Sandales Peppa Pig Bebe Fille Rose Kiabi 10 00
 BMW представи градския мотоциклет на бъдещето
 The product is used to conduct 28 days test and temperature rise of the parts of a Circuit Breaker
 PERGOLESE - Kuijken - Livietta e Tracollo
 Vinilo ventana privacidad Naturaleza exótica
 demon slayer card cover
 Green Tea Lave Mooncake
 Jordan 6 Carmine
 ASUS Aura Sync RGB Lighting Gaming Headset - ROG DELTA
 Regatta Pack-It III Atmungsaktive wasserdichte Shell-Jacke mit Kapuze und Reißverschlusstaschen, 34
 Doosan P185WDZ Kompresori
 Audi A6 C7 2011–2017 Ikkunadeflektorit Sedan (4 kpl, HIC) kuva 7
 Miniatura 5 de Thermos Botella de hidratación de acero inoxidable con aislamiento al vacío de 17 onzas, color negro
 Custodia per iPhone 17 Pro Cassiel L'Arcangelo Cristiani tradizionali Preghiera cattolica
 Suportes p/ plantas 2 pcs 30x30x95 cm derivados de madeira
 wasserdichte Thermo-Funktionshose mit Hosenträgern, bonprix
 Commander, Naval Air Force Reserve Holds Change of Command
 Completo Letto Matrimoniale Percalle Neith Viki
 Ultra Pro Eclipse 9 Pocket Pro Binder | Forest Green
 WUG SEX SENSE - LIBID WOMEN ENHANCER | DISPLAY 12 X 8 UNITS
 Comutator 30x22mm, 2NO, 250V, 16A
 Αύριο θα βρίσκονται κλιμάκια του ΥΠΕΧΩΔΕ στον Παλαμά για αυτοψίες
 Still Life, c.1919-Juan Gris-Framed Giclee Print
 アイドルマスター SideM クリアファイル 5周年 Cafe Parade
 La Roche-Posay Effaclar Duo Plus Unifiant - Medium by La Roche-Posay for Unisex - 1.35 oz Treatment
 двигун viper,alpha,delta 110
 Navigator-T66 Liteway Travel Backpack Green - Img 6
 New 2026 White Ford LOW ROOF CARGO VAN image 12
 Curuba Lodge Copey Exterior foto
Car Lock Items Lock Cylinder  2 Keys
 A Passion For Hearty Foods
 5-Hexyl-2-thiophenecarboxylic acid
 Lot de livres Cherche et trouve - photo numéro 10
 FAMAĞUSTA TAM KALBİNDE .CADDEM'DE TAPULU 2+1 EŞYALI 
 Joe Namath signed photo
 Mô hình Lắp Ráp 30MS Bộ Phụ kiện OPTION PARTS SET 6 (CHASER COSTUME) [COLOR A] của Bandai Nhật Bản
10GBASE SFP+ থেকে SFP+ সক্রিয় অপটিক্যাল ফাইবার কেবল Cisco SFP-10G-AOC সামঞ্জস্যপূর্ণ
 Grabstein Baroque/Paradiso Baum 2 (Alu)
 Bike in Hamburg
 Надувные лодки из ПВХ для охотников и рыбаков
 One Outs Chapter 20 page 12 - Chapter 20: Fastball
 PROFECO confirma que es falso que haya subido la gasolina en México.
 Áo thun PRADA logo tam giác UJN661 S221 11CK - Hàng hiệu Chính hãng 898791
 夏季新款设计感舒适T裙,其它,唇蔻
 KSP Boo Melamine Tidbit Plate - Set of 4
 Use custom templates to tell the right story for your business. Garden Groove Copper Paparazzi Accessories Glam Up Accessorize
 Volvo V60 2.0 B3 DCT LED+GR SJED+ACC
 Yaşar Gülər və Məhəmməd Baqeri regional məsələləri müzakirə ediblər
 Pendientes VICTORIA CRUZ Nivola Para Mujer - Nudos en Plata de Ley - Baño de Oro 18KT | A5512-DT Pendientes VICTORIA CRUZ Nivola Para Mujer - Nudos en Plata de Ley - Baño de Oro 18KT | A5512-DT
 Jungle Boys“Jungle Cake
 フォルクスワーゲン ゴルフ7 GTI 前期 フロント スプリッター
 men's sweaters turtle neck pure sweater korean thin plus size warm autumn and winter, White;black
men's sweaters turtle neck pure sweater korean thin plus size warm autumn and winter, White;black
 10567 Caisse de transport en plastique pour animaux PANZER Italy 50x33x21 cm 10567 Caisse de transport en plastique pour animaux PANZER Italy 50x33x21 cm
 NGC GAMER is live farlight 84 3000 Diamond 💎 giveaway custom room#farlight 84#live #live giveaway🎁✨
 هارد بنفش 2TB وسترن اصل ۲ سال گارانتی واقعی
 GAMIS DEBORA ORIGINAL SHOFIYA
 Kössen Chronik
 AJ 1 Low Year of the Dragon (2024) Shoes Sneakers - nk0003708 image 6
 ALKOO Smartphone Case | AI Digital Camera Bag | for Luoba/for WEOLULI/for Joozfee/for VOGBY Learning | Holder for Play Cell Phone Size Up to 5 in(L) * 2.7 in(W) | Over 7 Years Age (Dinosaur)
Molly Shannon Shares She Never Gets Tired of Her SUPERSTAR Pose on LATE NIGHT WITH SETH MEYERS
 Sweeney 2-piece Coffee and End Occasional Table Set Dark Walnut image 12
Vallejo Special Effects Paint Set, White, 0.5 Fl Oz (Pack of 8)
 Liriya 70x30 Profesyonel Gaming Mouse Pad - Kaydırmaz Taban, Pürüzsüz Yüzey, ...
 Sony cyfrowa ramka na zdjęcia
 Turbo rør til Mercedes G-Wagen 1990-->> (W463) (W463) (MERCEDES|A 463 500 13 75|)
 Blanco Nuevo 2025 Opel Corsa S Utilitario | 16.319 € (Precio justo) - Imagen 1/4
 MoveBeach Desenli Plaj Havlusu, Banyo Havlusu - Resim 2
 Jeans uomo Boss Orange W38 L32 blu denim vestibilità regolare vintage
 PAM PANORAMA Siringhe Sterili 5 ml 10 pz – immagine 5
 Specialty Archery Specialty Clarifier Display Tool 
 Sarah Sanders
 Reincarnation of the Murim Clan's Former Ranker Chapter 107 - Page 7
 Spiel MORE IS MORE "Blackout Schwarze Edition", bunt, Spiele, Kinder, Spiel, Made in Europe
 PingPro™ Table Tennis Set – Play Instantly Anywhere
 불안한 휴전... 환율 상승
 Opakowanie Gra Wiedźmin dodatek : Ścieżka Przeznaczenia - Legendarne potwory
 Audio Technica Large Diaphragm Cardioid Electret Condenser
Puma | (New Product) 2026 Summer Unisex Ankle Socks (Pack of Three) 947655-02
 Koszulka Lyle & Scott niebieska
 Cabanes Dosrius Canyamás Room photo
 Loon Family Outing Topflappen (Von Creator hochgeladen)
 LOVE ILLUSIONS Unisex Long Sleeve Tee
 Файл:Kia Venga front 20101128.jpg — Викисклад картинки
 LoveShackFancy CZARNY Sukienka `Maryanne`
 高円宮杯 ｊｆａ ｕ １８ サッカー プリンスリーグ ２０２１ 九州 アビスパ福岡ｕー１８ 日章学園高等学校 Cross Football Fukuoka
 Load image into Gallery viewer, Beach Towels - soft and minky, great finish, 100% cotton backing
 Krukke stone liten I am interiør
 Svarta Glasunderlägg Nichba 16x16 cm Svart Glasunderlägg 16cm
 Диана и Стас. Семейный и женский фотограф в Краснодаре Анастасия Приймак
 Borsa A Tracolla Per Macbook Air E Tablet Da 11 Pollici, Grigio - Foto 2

Task description: When you reach the line holding "A Passion For Hearty Foods" in the records above, begin reproducing exactly, stop after the line holding "Надувные лодки из", and output nothing else.

Solution for this task:
 A Passion For Hearty Foods
 5-Hexyl-2-thiophenecarboxylic acid
 Lot de livres Cherche et trouve - photo numéro 10
 FAMAĞUSTA TAM KALBİNDE .CADDEM'DE TAPULU 2+1 EŞYALI 
 Joe Namath signed photo
 Mô hình Lắp Ráp 30MS Bộ Phụ kiện OPTION PARTS SET 6 (CHASER COSTUME) [COLOR A] của Bandai Nhật Bản
10GBASE SFP+ থেকে SFP+ সক্রিয় অপটিক্যাল ফাইবার কেবল Cisco SFP-10G-AOC সামঞ্জস্যপূর্ণ
 Grabstein Baroque/Paradiso Baum 2 (Alu)
 Bike in Hamburg
 Надувные лодки из ПВХ для охотников и рыбаков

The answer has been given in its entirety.